Officials say residents were unprepared for the heavy flash floods, adding that the death toll could rise.

At least 50 people have died in Afghanistan in flooding following heavy rain in the northern province of Baghlan, a spokesman for the Ministry of the Interior said, adding that the death toll may rise.

Ministry spokesman Abdul Mateen Qaniee told the Reuters news agency that there had been flooding in more than five districts in Baghlan after heavy rains, and that some families were stuck and in need of urgent help.

He added that two heavy storms had been predicted for Friday night.

“The Ministry of Interior has sent teams and helicopters to the area, but due to a shortage of night vision lights in helicopters, the operation may not be successful,” he said.

The toll was confirmed by local official Hedayatullah Hamdard, the head of the provincial natural disaster management department, who also told AFP that the death toll could rise.

Hamdard explained that heavy seasonal rains caused the flooding, and residents were unprepared for the sudden rush of water.

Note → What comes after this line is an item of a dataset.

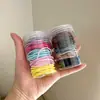 Gomas para el Cabello Básicas de Colores Macaron en un Frasco, Bandas Elásticas Modernas y Versátiles para Atar el Cabello, Mayoreo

Emergency personnel were “searching for any possible victims under the mud and rubble, with the help of security forces from the national army and police,” he said.

 

Since mid-April, flash flooding and other floods have left about 100 people dead in 10 of Afghanistan’s provinces, with no region entirely spared, according to authorities.

Farmland has been swamped in a country where 80 percent of the more than 40 million people depend on agriculture to survive.

Afghanistan – which had a relatively dry winter, making it more difficult for the soil to absorb rainfall – is particularly vulnerable to climate change.

The nation, ravaged by four decades of war, is one of the poorest in the world and, according to scientists, one of the worst prepared to face the consequences of global warming.

Afghanistan, which is responsible for only 0.06 percent of the world’s greenhouse gas emissions, ranks sixth on the list of countries most at risk from climate change, experts have said.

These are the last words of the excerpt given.